В трилогии, таким образом, изображены две трагические судьбы, вытекающие из двух полярных отношений к действительности. В глазах Шиллера оба эти пути являются односторонними. Ни «реализм» Валленштейна, ни «идеализм» Макса не могут привести к решению той исторической задачи, которая была выдвинута эпохой. По концепции Шиллера (в статье «О наивной и сентиментальной поэзии»), только органическое сочетание лучших черт того и другого могло бы дать торжество справедливым началам жизни. Но при этом очевидно, что «идеализм» Макса, хотя Шиллер и понимает его ограниченность, все же бесконечно ближе ему «реализма» Валленштейна, и все симпатии автора на стороне благородного молодого человека.

Это не помешало Шиллеру объективно изобразить судьбу обоих героев, воплощавших противоположные жизненные принципы. Реализм Шиллера проявился в том, что он с огромной художественной убедительностью показал необходимость сочетания стремлений личности с широкими социальными движениями своего времени.
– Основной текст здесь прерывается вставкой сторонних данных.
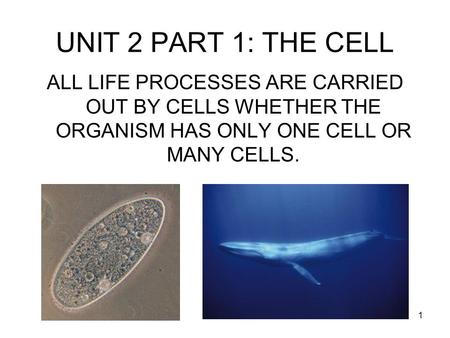 1 ALL LIFE PROCESSES ARE CARRIED OUT BY CELLS WHETHER THE ORGANISM HAS ONLY ONE CELL OR MANY CELLS. UNIT 2 PART 1: THE CELL.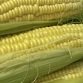 Vegan Protein Sources, Natural Protein Source, Natural Sources of Protein
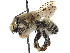  (Megachile comata - CCDB-37882-C01)  @11 [ ] CreativeCommons - Attribution Share - Alike (2024) CBG Photography Group Centre for Biodiversity Genomics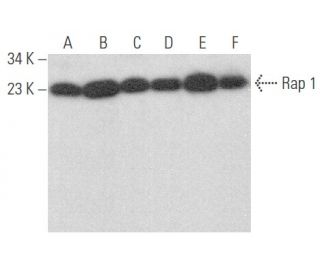Rap 1 Antibody (E-6) - Western Blotting - Image 354078 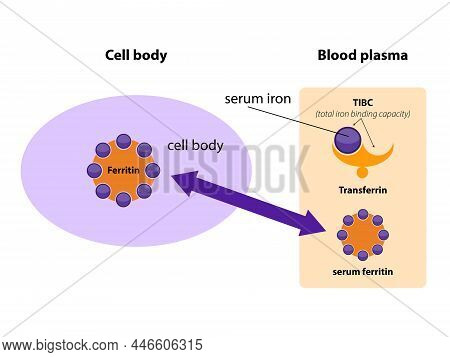 Ferritin Is The Main Iron Storage Protein In Humans. Serum Ferritin Correlates With Amount Of Iron P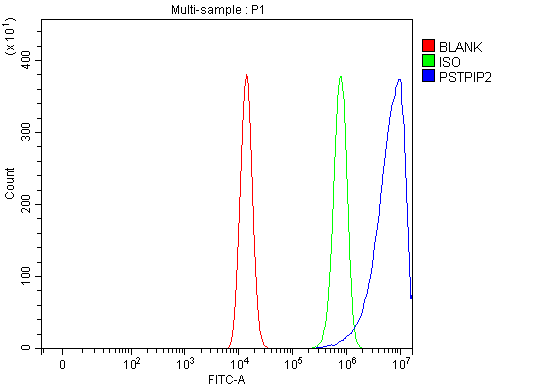 Figure 3. Flow Cytometry analysis of HEL cells using anti-PSTPIP2 antibody (A11056-1). Overlay histogram showing HEL cells stained with A11056-1 (Blue line). To facilitate intracellular staining, cells were fixed with 4% paraformaldehyde and permeabilized with permeabilization buffer. The cells were blocked with 10% normal goat serum. And then incubated with rabbit anti-PSTPIP2 Antibody (A11056-1, 1 microg/1x106 cells) for 30 min at 20°C. DyLight®488 conjugated goat anti-rabbit IgG (BA1127, 5-10 microg/1x106 cells) was used as secondary antibody for 30 minutes at 20°C. Isotype control antibody (Green line) was rabbit IgG (1 microg/1x106) used under the same conditions. Unlabelled sample (Red line) was also used as a control.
В исторических событиях, среди борения многих сил, единичный человек сам определяет свою судьбу, выбирая то или иное направление деятельности. Личность - не бессильная песчинка в историческом процессе, но и не всемогущая сила. Ее мощь возрастает, когда она сливается с могучим историческим потоком, ее значение утрачивается, когда она пытается утвердить себя вне этого потока. Но при этом не всякое историческое движение равноценно. Октавио связал свою судьбу с империей, уже обреченной на гибель, и его возвышение является мнимым. Поэтому так жалко звучит его фраза, полная торжества: «Я князь Пикколомини». Макс же, который не примыкает ни к одной из борющихся сил, уходит из жизни как подлинный герой, ибо хотя торжество его принципов дело отдаленного будущего, но оно неизбежно, и он оказывается предвестником этой далекой, но несомненной для Шиллера победы лучших начал жизни.





В беседах с Эккерманом Гете с высокой похвалой отзывался о «могучих фигурах» в трилогии и отмечал то сильное впечатление, которое производит «вся пьеса в целом». В беседе 23 июля 1827 года Гете обобщил свою оценку словами: «Валленштейн» Шиллера такое крупное произведение, что второго, равного ему, невозможно найти». Высоко ценил трилогию Шиллера и великий мыслитель и писатель А. И. Герцен.

В «Былом и думах» он рассказывает, как в 1829 и 1830 годах писал философскую статью о шиллеровском «Валленштейне». Восторженное отношение к произведению Шиллера Герцен сохранил и в пору зрелости, когда в 1853 году назвал «Валленштейна» «гигантским произведением». Белинский, неоднократно критиковавший слабые стороны творчества Шиллера, считал «Валленштейна» одним из лучших его творений. Когда в 1859 году, во время празднования столетия со дня рождения поэта, комитет в английском городе Манчестере, где жил тогда Энгельс, намечал постановку какой-либо драмы Шиллера, Энгельс рекомендовал «Лагерь Валленштейна» и сам принимал участие в организации спектакля.